Does anyone have a list of all Steinway model B samples / modeled pianos out there?  I want to record some XSample walkthroughs and comparison videos, and I figured a video comparing a load of (deep) sampled Model B’s against the pretty compact yet gorgeous XSample B would be cool. One of those blind test type things. Turns out I hardly have any B’s


----------



## Alex C (Sep 18, 2020)

Nice cue! Some sort of cinematic piano? Don't hear much pedal resonance though ...


----------



## CGR (Sep 18, 2020)

doctoremmet said:


> Does anyone have a list of all Steinway model B samples / modeled pianos out there?  I want to record some XSample walkthroughs and comparison videos, and I figured a video comparing a load of (deep) sampled Model B’s against the pretty compact yet gorgeous XSample B would be cool. One of those blind test type things. Turns out I hardly have any B’s


Here's the other sampled Steinway Model B's I know of:

1. Synthogy Ivory Studio Grands (modern New York B)
2. ArtVista VGP3 (1960 Hamburg B)
3. Fluffy Audio Scoring Piano (modern Hamburg B)
4. East West Steinway B (modern Hamburg B)
5. EZKeys Studio Grand (modern Hamburg B)
6. Universal Audio Ravel Grand (don't own it - not sure if it's a New York or Hamburg B)
+ Pianoteq's Hamburg Steinway Model B


----------



## CGR (Sep 18, 2020)

Alex C said:


> Nice cue! Some sort of cinematic piano? Don't hear much pedal resonance though ...


Thanks. This sampled piano was created as a studio/jazz/blues type of instrument, so not overly resonant and with a tight & focussed tuning (not much movement in the unisons).


----------



## doctoremmet (Sep 18, 2020)

CGR said:


> Here's the other sampled Steinway Model B's I know of:
> 
> 1. Synthogy Ivory Studio Grands (modern New York B)
> 2. ArtVista VGP3 (1960 Hamburg B)
> ...


Awesome (shopping) list!! Many thanks Craig. Such knowledge, incredible!


----------



## CGR (Sep 18, 2020)

doctoremmet said:


> Awesome (shopping) list!! Many thanks Craig. Such knowledge, incredible!


Just remembered 2 more:
• AIR Mini Grand
• Versilian Studios Joachim's Piano (1890's New York Steinway B)


----------



## FlyingAndi (Sep 18, 2020)

To me it sounds more like a Steinway Model D (which just leaves a few hundred choices).
So here's my first guess: Chocolate Audio Model D V2.


----------



## CGR (Sep 18, 2020)

FlyingAndi said:


> To me it sounds more like a Steinway Model D (which just leaves a few hundred choices).
> So here's my first guess: Chocolate Audio Model D V2.

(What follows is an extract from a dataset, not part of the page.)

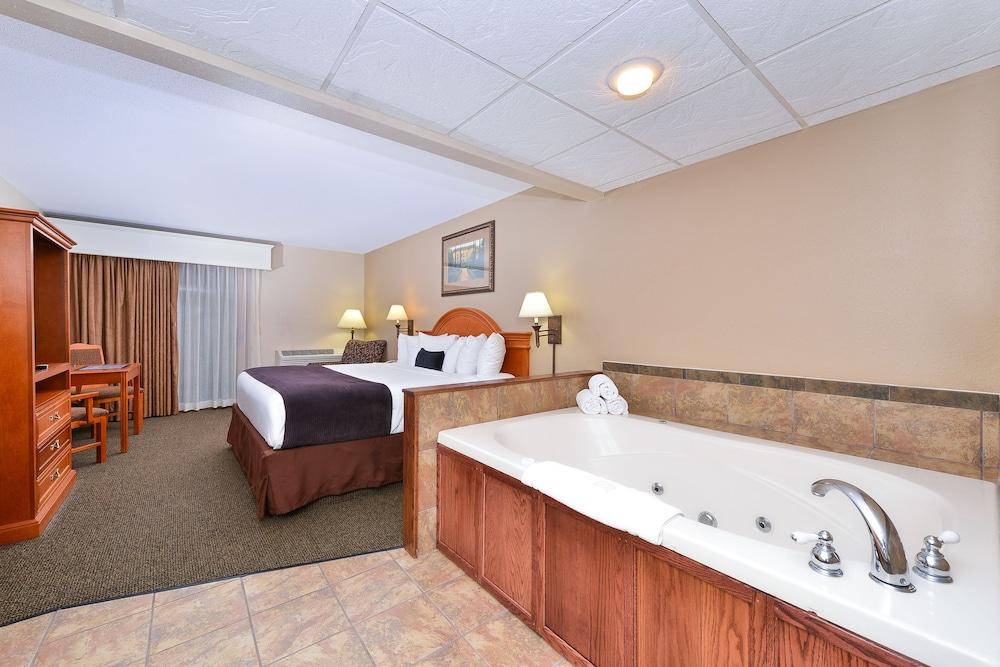 Revel Hotel Minot, SureStay Collection by Best Western photo 4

Not a Steinway Andi, but a mid to large sized grand of another make.


----------



## doctoremmet (Sep 18, 2020)

CGR said:


> Just remembered 2 more:
> • AIR Mini Grand
> • Versilian Studios Joachim's Piano (1890's New York Steinway B)


The latter is on sale right now I think, the first one is one I actually have and like. Thanks again!


----------



## doctoremmet (Sep 18, 2020)

Acoustic Samples OldBlackGrand
_old Pleyel Grand Piano (F-71240 model from 1928)_


----------



## FlyingAndi (Sep 18, 2020)

Orange Tree Samples Evolution Rosewood Grand


----------



## CGR (Sep 18, 2020)

doctoremmet said:


> Acoustic Samples OldBlackGrand
> _old Pleyel Grand Piano (F-71240 model from 1928)_


Sorry Doc but not that one. This is too modern sounding and tightly tuned to be the old Pleyel Black Grand (which I have and really like).


----------



## CGR (Sep 18, 2020)

FlyingAndi said:


> Orange Tree Samples Evolution Rosewood Grand


You're getting close Andi - good ears!


----------



## Kent (Sep 18, 2020)

whatever it is, I love the sound!


----------



## Kent (Sep 18, 2020)

https://parade.com/696898/m-b-roberts/was-mr-rogers-a-piano-prodigy/ also, some of you might get a kick out of this story


----------



## CGR (Sep 18, 2020)

kmaster said:


> https://parade.com/696898/m-b-roberts/was-mr-rogers-a-piano-prodigy/ also, some of you might get a kick out of this story


What a wonderful article - thanks for the link. I think Tom Hanks starred in a recent film about him - must catch up with it.


----------



## FlyingAndi (Sep 18, 2020)

Session Keys Grand Y


----------



## CGR (Sep 18, 2020)

FlyingAndi said:


> Session Keys Grand Y


You're getting close Andi - I'm impressed with your listening skills.


----------



## doctoremmet (Sep 18, 2020)

CGR said:


> Sorry Doc but not that one. This is too modern sounding and tightly tuned to be the old Pleyel Black Grand (which I have and really like).


Truth


----------



## doctoremmet (Sep 18, 2020)

Steinberg Halion The Grand C7 
Sampletank 4 C7

somewhere in that “range”?
Your “jazz / blues” pointer kind of threw me in a different direction...


----------



## doctoremmet (Sep 18, 2020)

kmaster said:


> https://parade.com/696898/m-b-roberts/was-mr-rogers-a-piano-prodigy/ also, some of you might get a kick out of this story


The link does not work for me...


----------



## Kent (Sep 18, 2020)

doctoremmet said:


> The link does not work for me...


must be a country thing? works here (US) and Australia (@CGR) :(


----------



## doctoremmet (Sep 18, 2020)

kmaster said:


> must be a country thing? works here (US) and Australia (@CGR) :(


Stupid GDPR


----------



## CGR (Sep 18, 2020)

doctoremmet said:


> Steinberg Halion The Grand C7
> Sampletank 4 C7
> 
> somewhere in that “range”?
> Your “jazz / blues” pointer kind of threw me in a different direction...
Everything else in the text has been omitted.